- Work instructions -
Reproduce from the records below, with no pictures, exactly the lines between the one containing "Sexy Blonde Woman" and the one containing "Businessman using smart", inclusive.

- Task data -
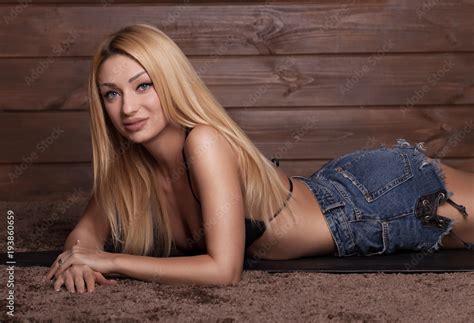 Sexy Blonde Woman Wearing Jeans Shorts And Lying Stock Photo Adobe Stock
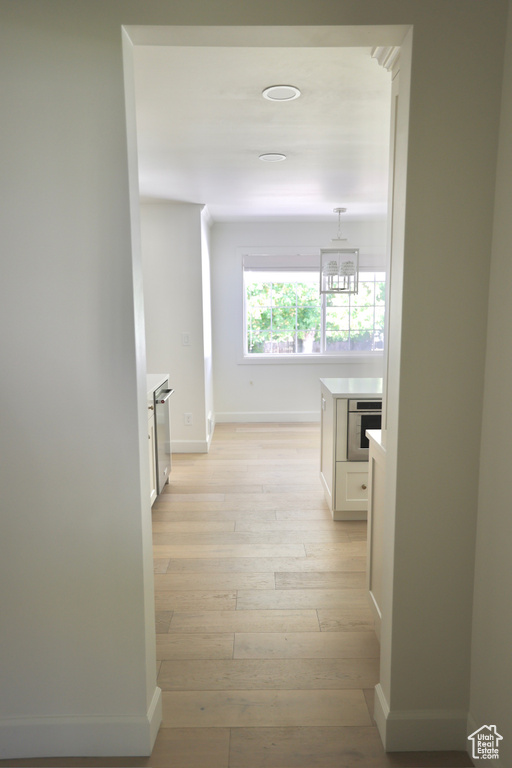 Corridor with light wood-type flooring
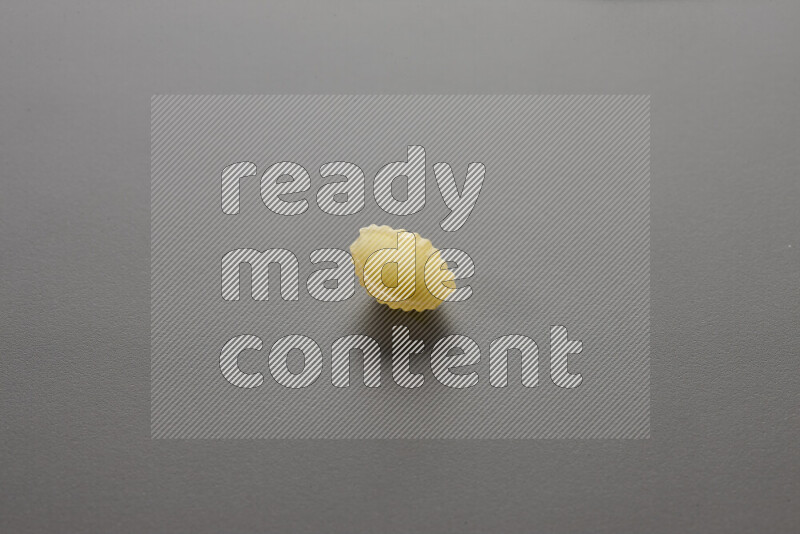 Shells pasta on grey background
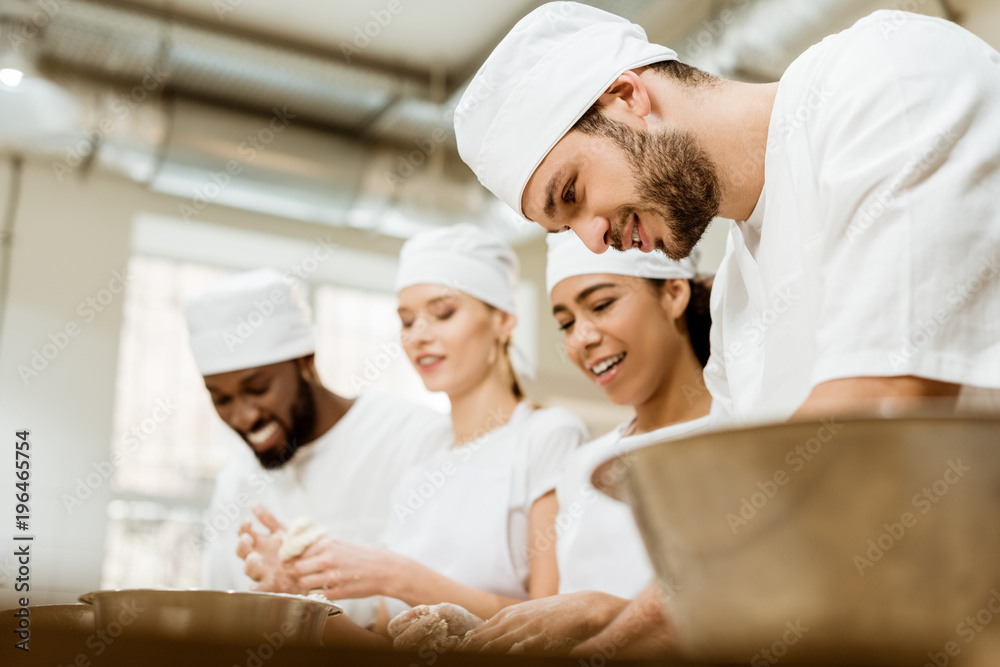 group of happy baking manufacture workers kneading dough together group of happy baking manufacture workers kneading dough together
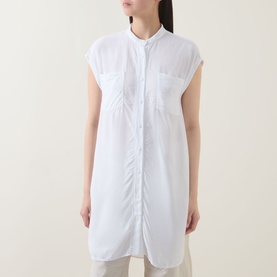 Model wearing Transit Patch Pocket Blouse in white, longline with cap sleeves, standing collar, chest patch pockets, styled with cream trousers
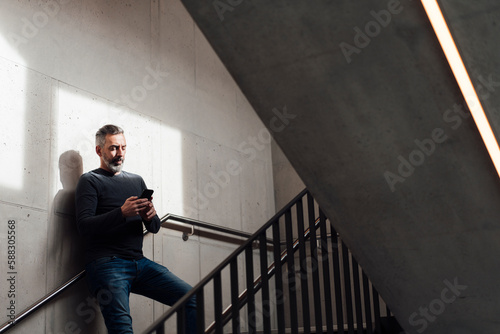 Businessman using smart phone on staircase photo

--

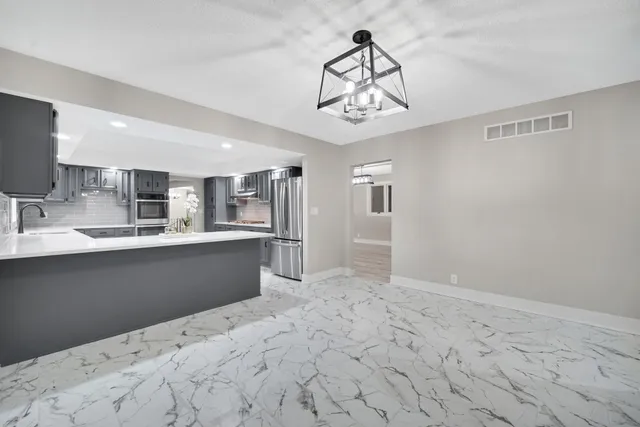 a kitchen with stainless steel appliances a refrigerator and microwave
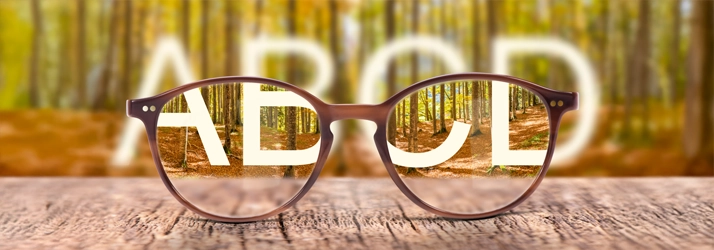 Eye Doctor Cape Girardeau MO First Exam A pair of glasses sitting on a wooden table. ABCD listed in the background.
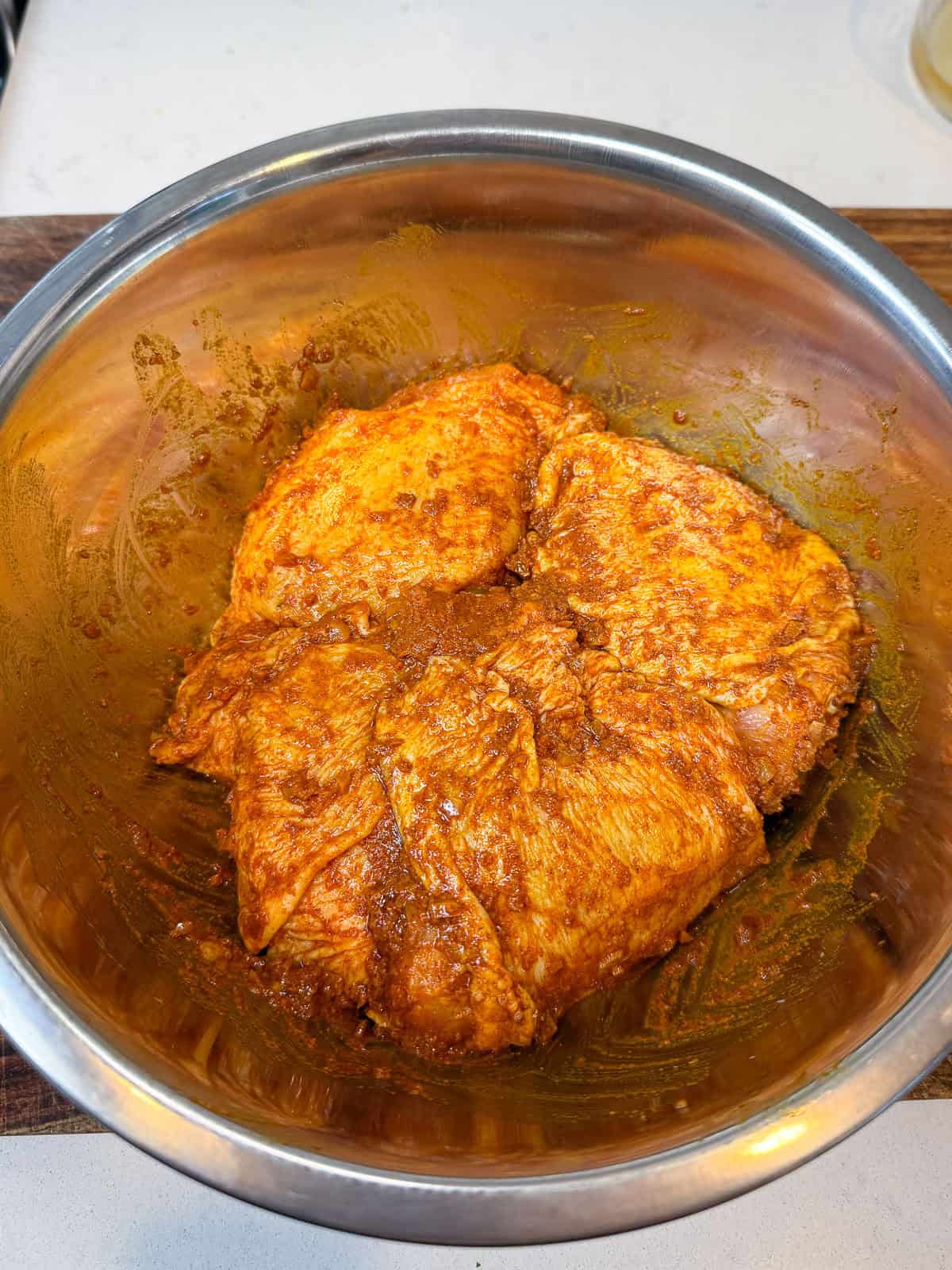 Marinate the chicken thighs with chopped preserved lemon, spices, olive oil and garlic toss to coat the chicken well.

- Task answer -
 Sexy Blonde Woman Wearing Jeans Shorts And Lying Stock Photo Adobe Stock
 Corridor with light wood-type flooring
 Shells pasta on grey background
 group of happy baking manufacture workers kneading dough together group of happy baking manufacture workers kneading dough together
 Model wearing Transit Patch Pocket Blouse in white, longline with cap sleeves, standing collar, chest patch pockets, styled with cream trousers
 Businessman using smart phone on staircase photo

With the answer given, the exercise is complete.